通常、「配偶者控除」や「配偶者特別控除」と聞くとパート勤務や専業主婦だけのものと思いますが、育休期間が長い場合は、その年の年収が限定されるため、フルタイムや時短勤務の正社員でも夫の扶養に入れる可能性があります。

「配偶者控除」「配偶者特別控除」の条件は以下の表の通りですが、産休・育休中の各種手当は収入ではないので、下記の金額に含めません。

名称説明
配偶者控除配偶者が無収入もしくは年収103万円以下である場合に受けられる所得控除。
(年間の合計所得金額が38万円以下)
配偶者特別控除配偶者の年収103万から141万である場合に受けられる所得控除。
(年間の合計所得金額が38万1円から76万円未満)

そうなると、1月~産休に入る前までの総収入が、103万円以下の場合は『配偶者控除』、103万円~141万円未満の場合は『配偶者特別控除』が受けられるのです。

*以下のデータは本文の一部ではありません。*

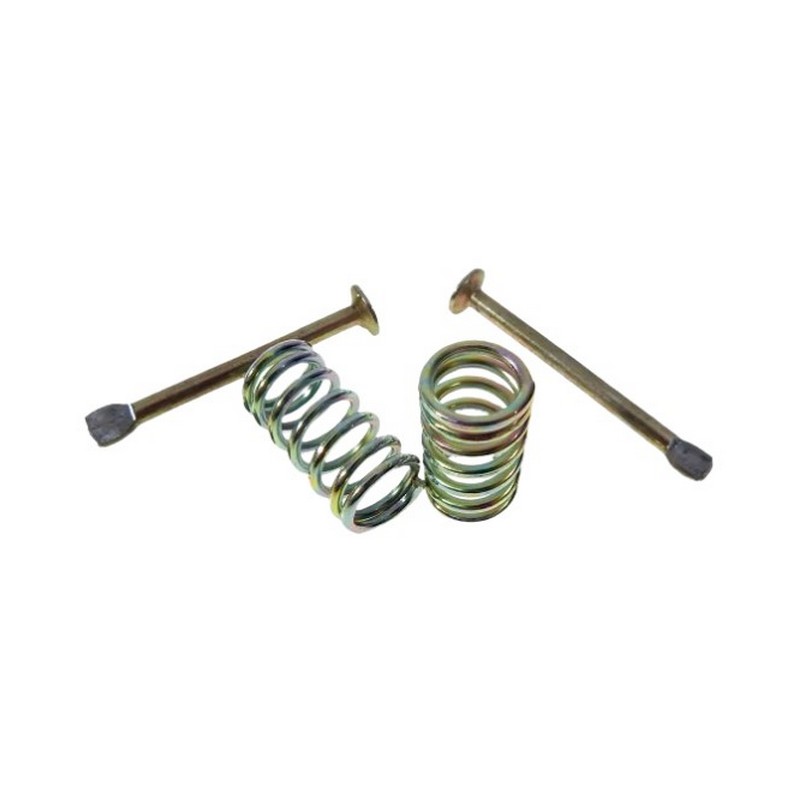 Kit Reparo da Sapata de Freio traseiro 2MC 7MB73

正社員の場合は春までに出産した方、パート勤務で月15万前後の方は夏までに出産した方は、その控除を受ける可能性がありますので、1月からの給料明細を再度確認してみてください。

1月からの「総支給額(税金や社会保険料を引く前の金額)」を合計するのみです。

扶養に入った場合は、住民税・所得税が安くなるので単純に手取りが増えることになります(年収500万円で配偶者控除を受けた場合は、住民税と所得税を合わせると約7万円程度)。

是非、お忘れなく。

手続きは年末調整をするのみ。知らなかった方も5年以内に手続きを!

手続きは簡単で、毎年、年末の際に実施している「年末調整」際に、「扶養控除等(異動)申請書」の控除対象配偶者の欄に妻の情報を記載するのみです。(確定申告をしている場合は、確定申告の『配偶者控除』『配偶者特別控除』の欄に記載)

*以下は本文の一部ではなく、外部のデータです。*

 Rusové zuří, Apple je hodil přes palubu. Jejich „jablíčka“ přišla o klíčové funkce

もっと早くこのことを知っていれば・・・我が家も控除の対象世帯だったのに〜

と後悔した方もご安心ください。

控除を忘れてしまった場合は、確定申告の「還付申請」をすれば大丈夫なようです。

※「還付申請」の方法については、最寄りの税務署にお尋ね下さい。準備する書類や申告書の書き方など教えてもらえます。

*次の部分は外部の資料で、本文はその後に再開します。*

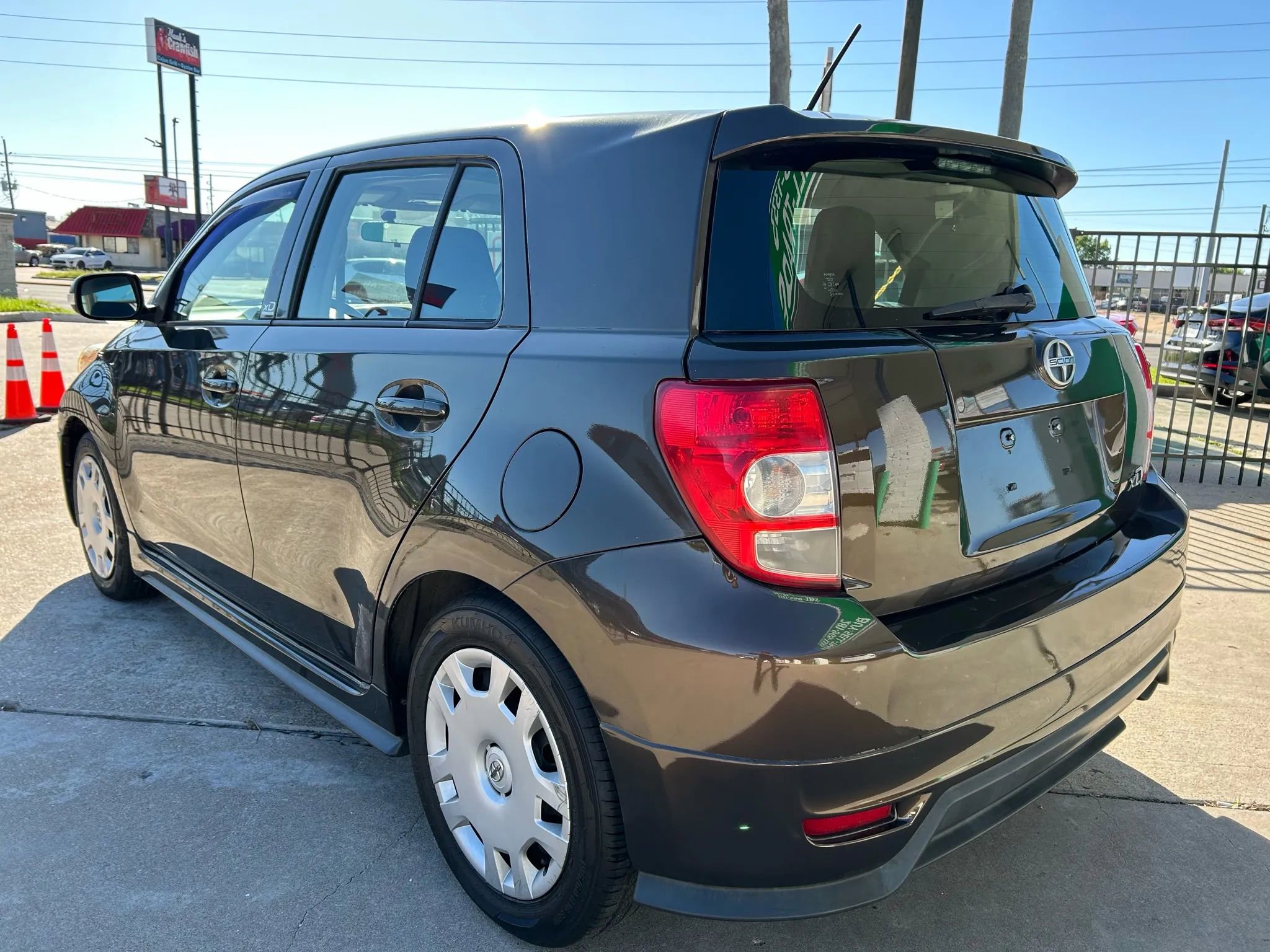 Used 2011 Scion xD Release Series 3.0 image 4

ただし、「還付申請」は、控除を忘れた翌年1月1日から5年間が提出期限となっていますので、ご注意下さい。

まとめ

産休・育休時の「配偶者控除」はいかがでしたか?

知っていれば得。

知らなければ損。

といった感じで残念な部分もありますが、共働き夫婦はこのような税に関する情報も共有しあって、支出を減らす(節約する)努力をしていきましょう。